Pellegrinaggi fotografici di Khoroshilova
libreria
14 Aprile 2009
di Valentina Parisi
«Un pellegrinaggio attraverso il paese degli spazi locali», così il critico Vitalij Patsyukov ha definito, con una formula tortuosa ma calzante, l’ampio ciclo fotografico Russkie (Russi), realizzato di recente da Anastasia Khoroshilova ed esposto fino al 2 maggio alla galleria Impronte di via Montevideo 11 a Milano. Luoghi remoti, talvolta geograficamente isolati, ma sempre e comunque rischiarati dalla presenza umana, quelli che la fotografa ha attraversato per dimostrare il carattere plurale dell’identità russa, al di là delle odierne derive nazionalistiche e populiste. In questa ottica, il titolo della mostra assume una sfumatura chiaramente paradossale, quasi provocatoria.
Che cos’hanno infatti in comune il giovane monaco buddista in scarpe da tennis e le donne ciuvasce ritratte nei loro costumi tradizionali che ci fissano imperturbabili da queste foto? Oppure gli artisti di un circo sperduto in una steppa dell’Asia centrale e le esponenti femminili di tre generazioni, riunite intorno a una culla in un angolo imprecisato della repubblica tatara?
Nella sua sfaccettata complessità, la Russia documentata dalla Khoroshilova sembra l’erede diretta di quell’entità sovranazionale che fu l’Unione Sovietica, oppure – per utilizzare una metafora ricorrente nella sua opera – un arcipelago formato da isole assai più distanti di quanto la contiguità spaziale non farebbe ipotizzare, forse addirittura ignare della loro reciproca esistenza.
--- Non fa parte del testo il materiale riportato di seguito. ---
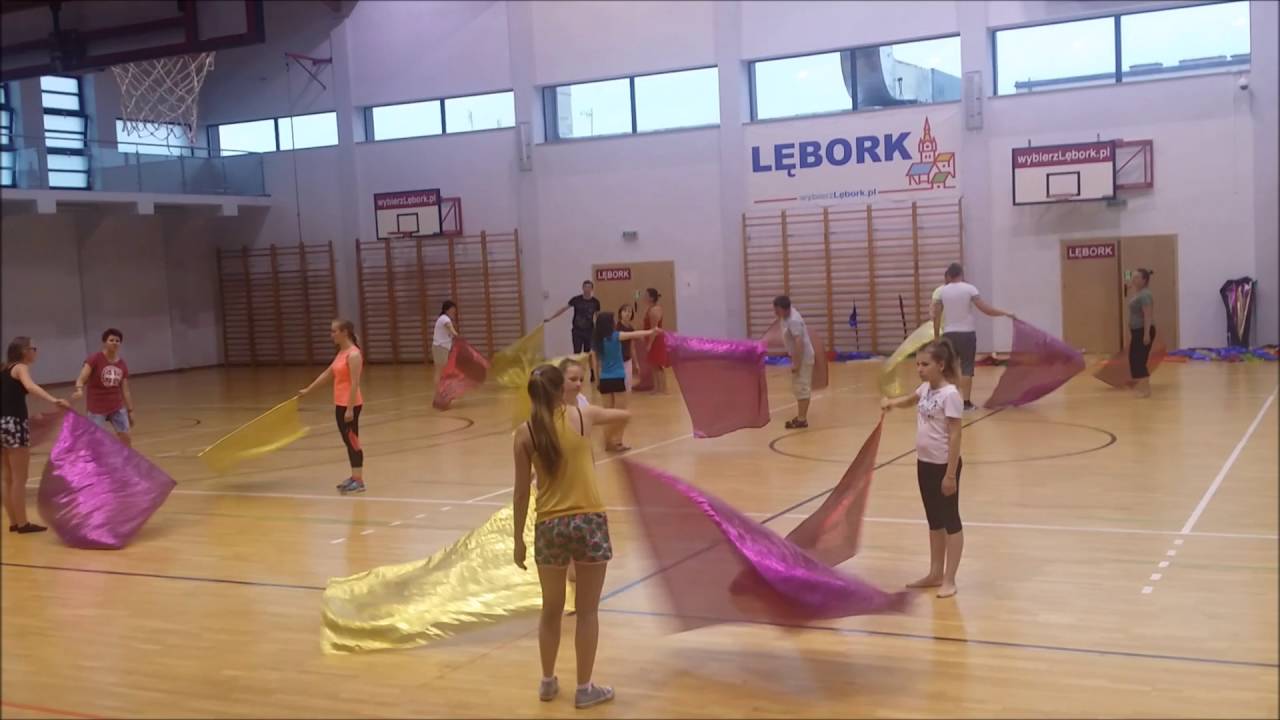 Nasz Bóg Jest Wielki / Our God Is Greater flag dance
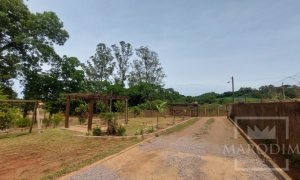 Sítio com 180m², 3 dormitórios, Nao suíte, 2 vagas, no bairro Interior Comunidade em Marau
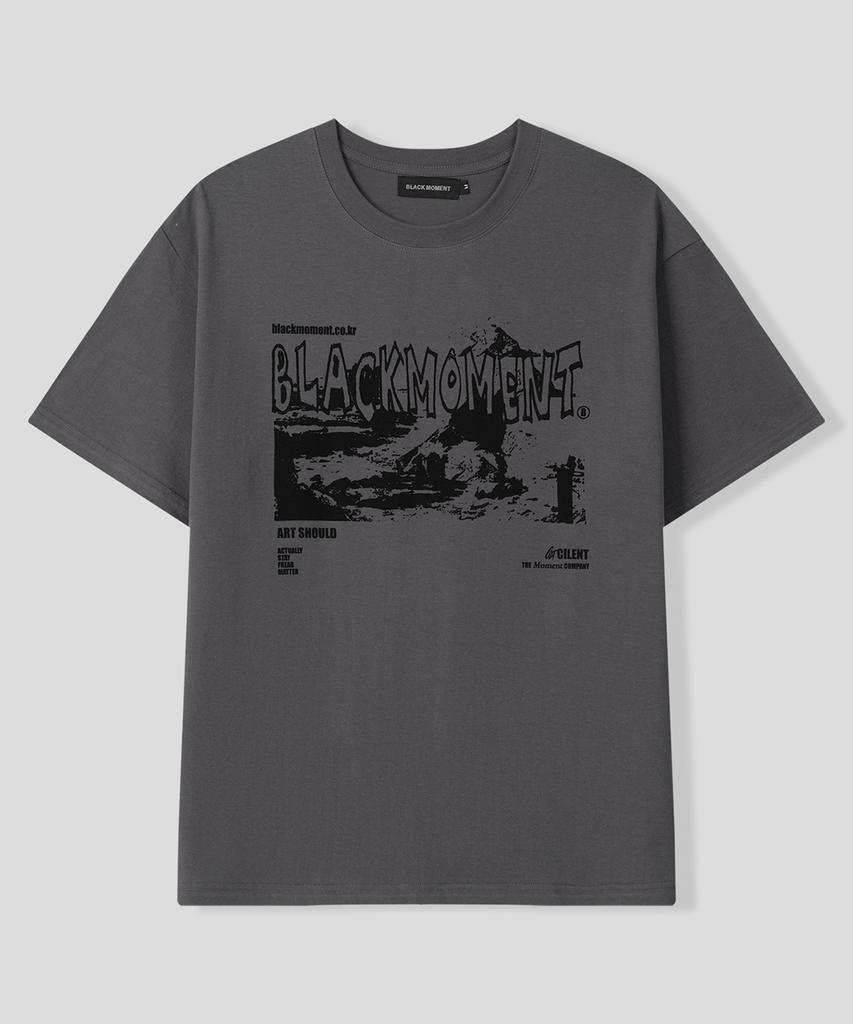 BLACK MOMENT Grunge Shade Lettering Graphic Oversized Short Sleeve T-Shirt [Charcoal]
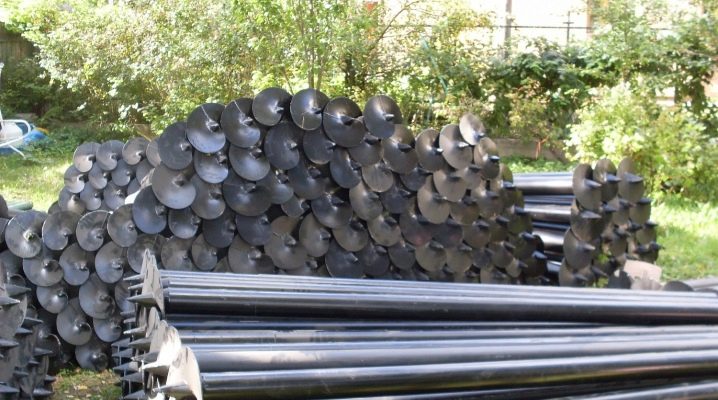  Screw piles for the fence: the pros and cons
Di certo, a tenere insieme mondi così diversi è il metodo adottato dall’artista nei confronti dei suoi soggetti, che si traduce in una cifra stilistica ben riconoscibile, definita da Viktor Misiano come «grado zero della fotografia». I «russi» della Khoroshilova fissano invariabilmente l’obiettivo, quasi a voler instaurare, con i loro sguardi carichi di fiduciosa aspettazione o scetticismo, un dialogo col fotografo che, inevitabilmente, si rifrange anche sullo spettatore. Indifferente al fascino della tranche de vie inseguita dallo scatto del reportage, la Khoroshilova si rifiuta di cogliere di sorpresa i suoi modelli, anzi permette loro di adottare le pose rigide, ma psicologicamente rassicuranti tipiche delle foto di gruppo. Oppure chiede loro di scegliere lo sfondo su cui vorrebbero figurare, consentendogli di portare con sé, nell’universo ideale dell’inquadratura, gli abiti e le cose che meglio definiscono la loro personalità – quasi stessero partendo per un viaggio.
Incastonati come in una nicchia nello spazio «locale» che li racchiude, i soggetti di Russkie non sono dunque mai soli, ma accompagnati dalla presenza di animali totemici spesso esotici come il falco o il dromedario, strumenti musicali non meno inconsueti, oggetti-attributi ora buffi (come il cocomero di plastica esibito per qualche ignoto motivo da una vecchietta), ora spiazzanti (come nel caso di una donna di mezza età, seduta da sola su una panchina accanto al ritratto di una danzatrice classica).
Forse, il fascino di questo ciclo (e, insieme, la valenza etica del «pellegrinaggio» della fotografa) risiede proprio nel rispetto profondo con cui la Khoroshilova si accosta agli abitanti della campagna e della provincia russa. Sospesi tra l’immensità degli orizzonti che domina alcuni esterni e lo spazio delimitato, ristretto ma mai angusto, degli scorci domestici, i protagonisti di Russkie, con i loro sguardi colmi di compassata dignità, sembrano voler lanciare allo spettatore un appello alla comprensione reciproca cui è davvero difficile sottrarsi.